Surfing is a unique venture, in that it’s both a solitary act and a communal experience. Although we’re always near one another, there are quiet times when we look around and see the boys sitting alone peacefully, bobbing in between sets, and peering out on the horizon like contemplative monks. As Winston—a six-foot-five 16-year-old who struggles with debilitating depression, self-harm, and suicidal thoughts—recently told the group, “The surf was trash, but I love playing in the shorebreak and connecting with the ocean. I felt free out there.”
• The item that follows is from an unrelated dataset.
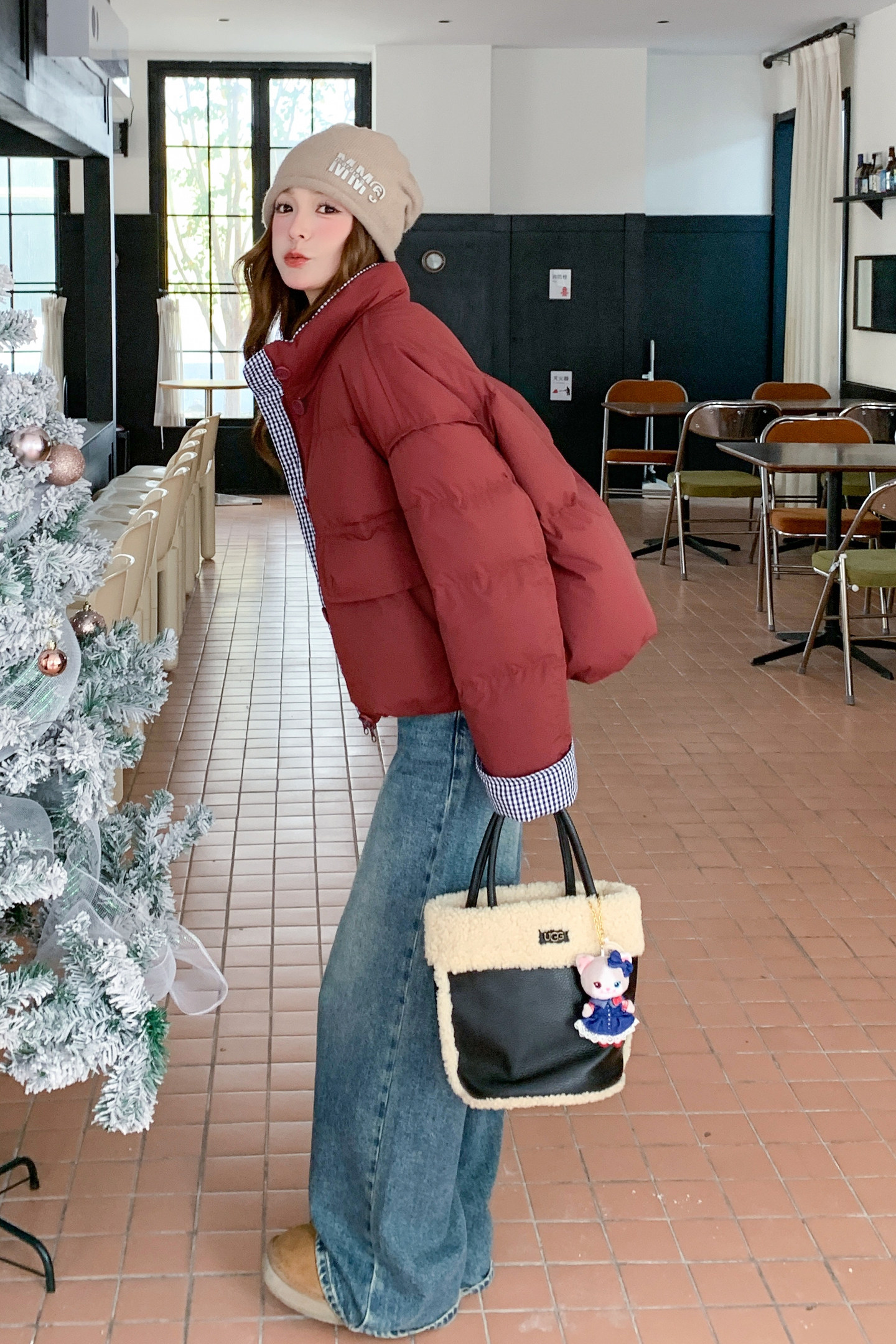 2025冬新现货新年红格子拼韩系小个子50绒羽绒服166-2707P215K318,女装羽绒服,茜茜公主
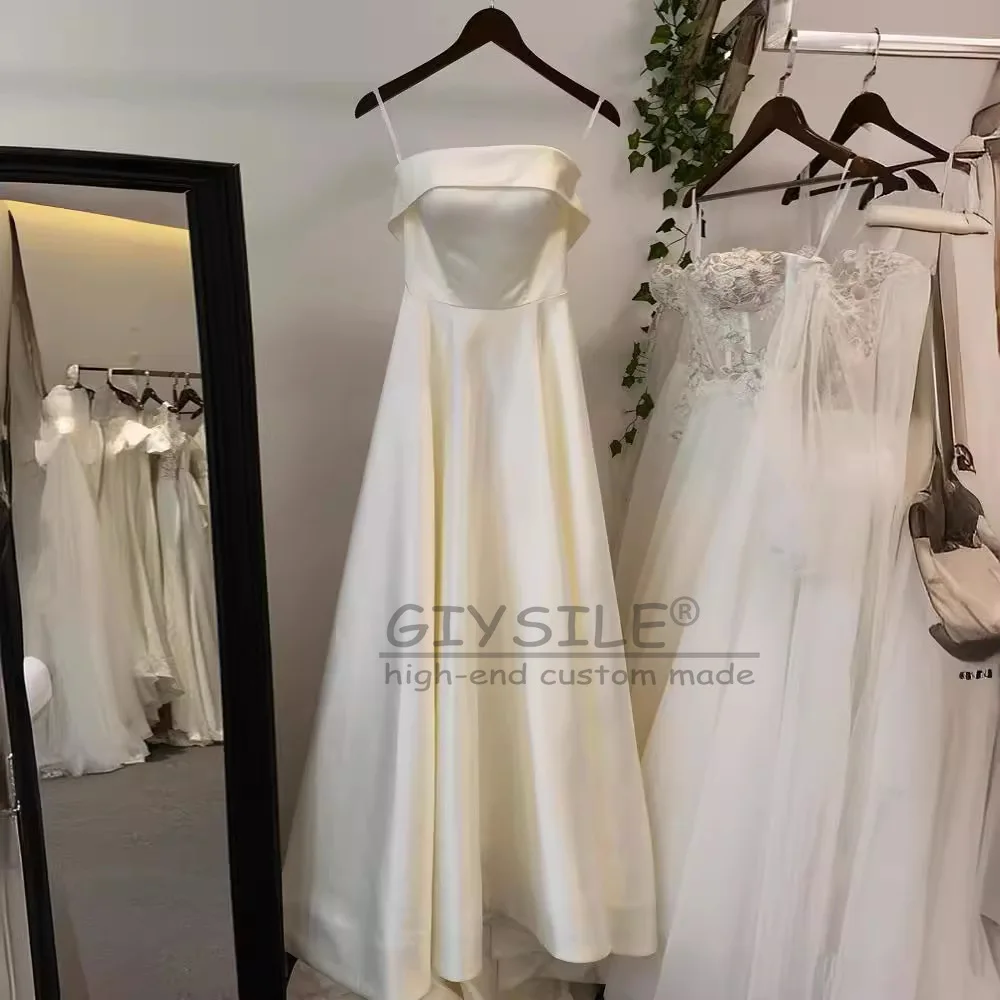 GIYSILE ที่กําหนดเองสายสีขาวซาตินชุดแต่งงานสําหรับผู้หญิง 2025 ง่ายเจ้าสาวที่ไม่มีสายหนังชุดเจ้าสาว vestidos de novia boda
We’ve also noticed another form of connection happening when we’re bobbing on our boards in between waves: the unfolding of profound conversations. The fact that they might be cut short at any moment by an irresistible rolling left peeler actually facilitates deeper communication. Many parents find that the best conversations with their kids happen when eye contact is limited and a slight distraction is present—when they’re in the car, on a walk, or building a Lego ship together. This experience in the water, with choppy conversations interspersed with all that the ocean offers, is similar in that it provides just the right amount of emotional intimacy for the boys to be ready to drop in deeper on land.

On Land

There’s no doubt that something therapeutic happens on the water, but for most of these boys, the healing effect doesn’t come into full view until we’re back on the beach, talking about what, exactly, happened out there.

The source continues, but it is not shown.